Comparez objectivement. Établissez une grille de critères objectifs (taux d'effort, stabilité professionnelle, garantie ou garant) et appliquez-la de manière identique à chaque dossier. Cette méthode protège contre les accusations de discrimination et facilite la prise de décision.

Faut-il demander tous les documents autorisés ?
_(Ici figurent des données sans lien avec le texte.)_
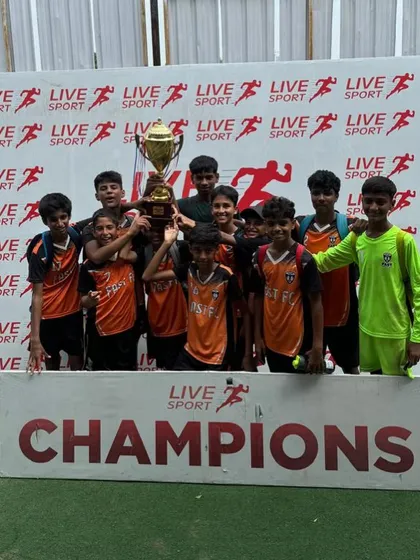 The U13 team after winning the Junior 7 Seven league in Gurgaon.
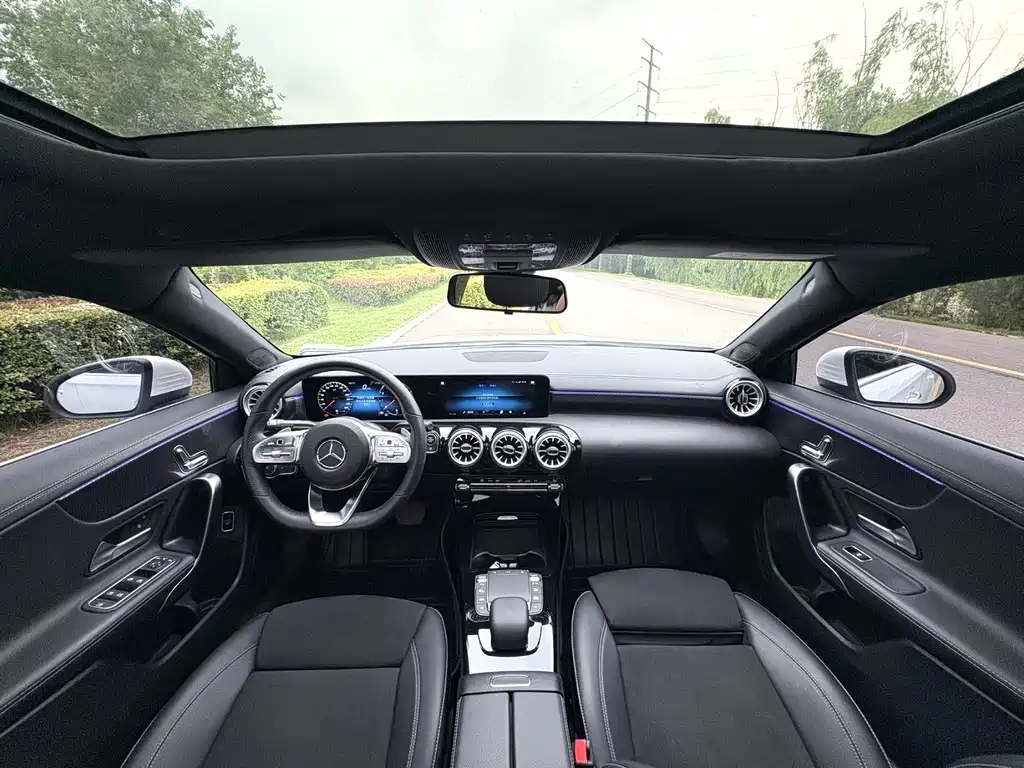 Mercedes-Benz A-Class 2023 — фото 3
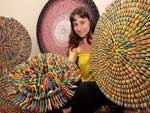 Com E.V.A desperdiado da indstria, a artista plstica paulista Carla Tennenbaum cria mandalas coloridas para decorar o lar.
Non, la liste est un maximum, pas un minimum. Vous n'êtes pas obligé de demander tous les documents autorisés. En pratique, les pièces essentielles sont :

  1. Une pièce d'identité — pour vérifier l'identité du signataire du bail
  2. Les trois derniers bulletins de salaire — pour évaluer les revenus courants
  3. Le dernier avis d'imposition — pour confirmer les revenus déclarés
  4. Un justificatif de domicile — pour situer la situation actuelle du candidat

Cette base couvre 90 % des cas. Les autres pièces (attestation d'activité, simulation d'APL, bilan comptable) ne sont pertinentes que pour des profils spécifiques : indépendants, étudiants, retraités.

Avec Loueo, la configuration du dossier de candidature est adaptée au profil du locataire : l'outil demande automatiquement les bonnes pièces selon la situation déclarée, ni plus ni moins, et s'assure que tout reste conforme à la réglementation.

Combien de temps faut-il conserver les dossiers non retenus ?

Le RGPD impose de ne pas conserver les données personnelles des candidats non retenus au-delà du temps nécessaire à la finalisation de la sélection. En pratique, la CNIL recommande de supprimer les dossiers des candidats non sélectionnés dans un délai maximum de 3 mois après l'attribution du logement.

Pour le dossier du locataire retenu, les pièces peuvent être conservées pendant toute la durée du bail, puis supprimées à son terme.

Veillez à stocker les dossiers dans un espace sécurisé (chiffré si numérique, sous clé si papier) et à ne jamais les partager avec des tiers non autorisés.

En résumé : la checklist du dossier conforme

Pour récapituler, voici les points essentiels à retenir :

  • Respectez la liste du décret du 5 novembre 2015 — elle est limitative et exhaustive
  • Ne demandez qu'une seule pièce par catégorie (identité, domicile, activité), sauf pour les justificatifs de ressources où vous pouvez en demander plusieurs
  • N'exigez jamais de RIB, relevé de compte, extrait de casier judiciaire, photo d'identité séparée, carte Vitale ou chèque de réservation
  • Vérifiez la cohérence entre les documents plutôt que de multiplier les pièces demandées
  • Acceptez DossierFacile et Visale pour simplifier et sécuriser la sélection
  • Supprimez les dossiers des candidats non retenus sous 3 mois
  • Appliquez les mêmes critères à tous les candidats pour éviter toute discrimination

Un dossier de candidature bien encadré protège le propriétaire autant que le locataire. En respectant le cadre légal, vous construisez une relation de confiance dès le premier échange — et vous évitez les litiges coûteux. C'est le fondement d'une gestion locative sereine, que vous gériez seul ou avec l'aide d'un outil comme Loueo.